Projects
A selection of things I've built, shipped, and experimented with.
HOA CC&R PDF Parser + RAG Q&A Pipeline
Built an API-triggered document knowledge extraction service for a client who needed to ingest large 50 to 100 page HOA/CC&R PDFs and answer dozens of structured questions automatically. The service accepts a webhook payload, fetches the PDF from a provided URL/path, converts pages to images, runs OCR locally (Tesseract), and chunks the text into blocks where SentenceTransformer embeddings are stored in a FAISS index to enable fast and token-efficient answer retrieval. For question answering from relevent snippets, the service uses an OpenAI model for grounded answers, with quality controls to ensure answers fall in the expected JSON format.
Music-Theoretic Attention Biases for Symbolic Music Generation
Injected music-theory inductive biases into transformer attention for symbolic MIDI generation, encoding circle-of-fifths harmonic distance and temporal onset distance as learned bias embeddings added directly to attention logits. Trained a decoder-only transformer on GigaMIDI (~382K files, ~565M notes) using octuple tokenization across four experimental conditions (no bias, harmonic-only, temporal-only, combined) with data-fraction ablations to measure sample efficiency gains.
Reducing Reward Variance in Continuous-Control DRL via Genetic Pre-Training
Investigated whether genetic algorithm (GA) policy pre-training of agent weights could improve stability, reduce reward variance, and potentially increase reward outcomes in deep reinforcement learning (DRL) continuous control problems using CleanRL and Weights & Biases tracking. Designed two genetic algorithm variants to evolve actor networks quickly in parallel and benchmarked the effects of further RL training compared to those with randomly initialized weights.

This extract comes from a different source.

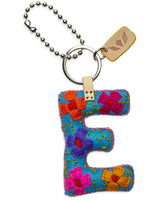 Consuela - Charm - Turquoise Felt Alphabet Charm ?E’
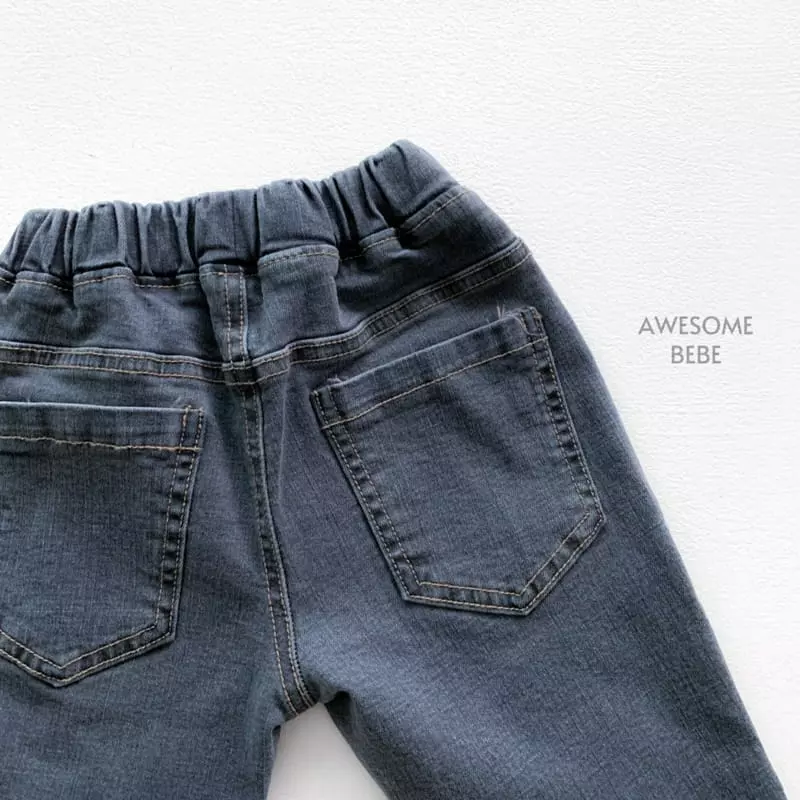Awesome Bebe - Korean Children Fashion - #childofig - Span Straight Gray Jeans - 6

Monte-Carlo Battleship Solver
An interactive Battleship game driven by frequentist probability. Each turn the solver samples thousands of random legal board configurations, building a hit-probability distribution over every cell to pick optimal shots. Board generation is accelerated with Cython-compiled routines and bitboard representations, packing entire ship layouts into single integers for fast collision checks and placement validation. Play against it, get suggested moves, or tune the sampling budget to trade speed for accuracy in real time.
Real-Time Web Lead Qualification and Calendar Routing
ML-driven lead scoring models in real time with dynamic rerouting that cut low-quality sales meetings by 20–40% and boosted top salesperson conversion rates 2–3x, reducing the need for large sales headcounts. Built for clients at Modulus Partners alongside A/B testing programs and CRM integrations with HubSpot, OnceHub, and Zapier.
Census Record-Linking Research
ML research within the BYU Economics department applying Boosted Tree classifiers to census data to identify and track individuals named in multiple census years. Using graph-theoretical document relationships, the strategic choice of record training pairs for training and inference reduced record-linking error rate by 80%.